Eighty percent of poll respondents are not happy that the House passed the American Health Care Act. Frustrated says people should actually read the bill instead of parroting the opinions of others, adding that no healthcare system can survive if only sick people sign up and both the ACA and AHCA address that. Just a Nurse Analyst wonders about the backroom deals that were struck to pass it and questions the zeal to undo anything President Obama did regardless of the impact on Americans. Cosmos says every step of the process lacked moral discipline and integrity – the headlong rush and repeated attempts to repeat the ACA, the backroom negotiations, voting without CBO analysis, and a two-vote majority that suggests compromises undeserving of the resulting White House victory party. Malvern says that our healthcare cost of $10,000 per person each year can’t be solved by attacking coverage and premiums alone.
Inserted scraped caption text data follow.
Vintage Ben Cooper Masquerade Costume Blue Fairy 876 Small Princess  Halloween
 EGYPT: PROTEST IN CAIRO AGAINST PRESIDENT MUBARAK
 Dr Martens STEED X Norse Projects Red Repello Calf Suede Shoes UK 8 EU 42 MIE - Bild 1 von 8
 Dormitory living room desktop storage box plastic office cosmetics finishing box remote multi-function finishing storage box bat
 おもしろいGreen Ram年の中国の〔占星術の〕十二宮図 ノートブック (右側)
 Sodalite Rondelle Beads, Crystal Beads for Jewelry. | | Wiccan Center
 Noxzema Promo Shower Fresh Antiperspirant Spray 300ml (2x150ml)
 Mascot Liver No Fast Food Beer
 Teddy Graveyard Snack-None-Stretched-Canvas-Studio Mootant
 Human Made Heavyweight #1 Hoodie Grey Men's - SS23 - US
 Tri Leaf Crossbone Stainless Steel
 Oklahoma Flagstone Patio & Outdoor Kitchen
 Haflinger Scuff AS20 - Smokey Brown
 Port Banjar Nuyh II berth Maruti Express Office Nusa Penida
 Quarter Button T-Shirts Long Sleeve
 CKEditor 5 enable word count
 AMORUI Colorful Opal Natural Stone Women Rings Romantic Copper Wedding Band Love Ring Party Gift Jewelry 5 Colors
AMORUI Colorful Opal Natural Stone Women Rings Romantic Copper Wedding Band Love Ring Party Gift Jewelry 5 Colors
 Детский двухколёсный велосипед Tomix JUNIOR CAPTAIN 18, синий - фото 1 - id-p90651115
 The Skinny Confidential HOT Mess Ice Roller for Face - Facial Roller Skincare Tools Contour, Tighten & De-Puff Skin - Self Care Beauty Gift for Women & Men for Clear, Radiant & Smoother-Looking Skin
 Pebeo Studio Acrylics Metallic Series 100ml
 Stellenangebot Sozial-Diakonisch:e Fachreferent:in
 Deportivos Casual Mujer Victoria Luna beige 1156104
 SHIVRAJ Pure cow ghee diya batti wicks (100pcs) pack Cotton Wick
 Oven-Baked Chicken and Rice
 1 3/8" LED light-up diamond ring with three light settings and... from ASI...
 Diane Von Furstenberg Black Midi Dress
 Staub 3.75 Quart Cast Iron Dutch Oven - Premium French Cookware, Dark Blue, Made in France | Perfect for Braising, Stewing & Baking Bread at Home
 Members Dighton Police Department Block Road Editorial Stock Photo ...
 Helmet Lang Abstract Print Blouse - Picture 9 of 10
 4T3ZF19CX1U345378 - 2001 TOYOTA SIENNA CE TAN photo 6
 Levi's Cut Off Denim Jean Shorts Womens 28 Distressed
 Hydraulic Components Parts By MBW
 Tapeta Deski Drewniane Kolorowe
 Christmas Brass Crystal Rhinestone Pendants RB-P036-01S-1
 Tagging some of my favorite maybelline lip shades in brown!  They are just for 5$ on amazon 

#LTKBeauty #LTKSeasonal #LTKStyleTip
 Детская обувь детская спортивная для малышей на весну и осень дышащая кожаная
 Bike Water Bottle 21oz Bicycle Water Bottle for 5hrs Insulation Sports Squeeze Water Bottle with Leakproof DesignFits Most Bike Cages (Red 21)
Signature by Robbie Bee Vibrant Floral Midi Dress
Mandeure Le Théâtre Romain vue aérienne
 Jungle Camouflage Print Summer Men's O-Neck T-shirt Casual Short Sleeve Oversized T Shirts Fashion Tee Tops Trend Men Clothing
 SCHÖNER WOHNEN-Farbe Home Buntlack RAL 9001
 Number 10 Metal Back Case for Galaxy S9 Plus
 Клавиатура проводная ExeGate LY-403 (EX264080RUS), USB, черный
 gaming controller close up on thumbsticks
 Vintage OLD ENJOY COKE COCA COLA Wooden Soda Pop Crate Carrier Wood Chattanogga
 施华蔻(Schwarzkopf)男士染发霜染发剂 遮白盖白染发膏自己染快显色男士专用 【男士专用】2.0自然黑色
Disgusted says it’s the most cynical, heartless pieces of legislation ever, especially the Medicaid cuts and the requirement of continuous coverage to have pre-existing conditions accepted. Printgeek thinks it’s a shame that the two political parties can’t even initiate a dialogue about healthcare. Bill says at least AHCA eliminates the word “affordable” as Congress finances access by increasing the federal deficit. HITgeek says healthcare requires a community health insurance risk pool to spread the cost of involuntary events, adding, “I am sick and tired of compassionless insurance, abetted by politics, being the gatekeeper for US healthcare.”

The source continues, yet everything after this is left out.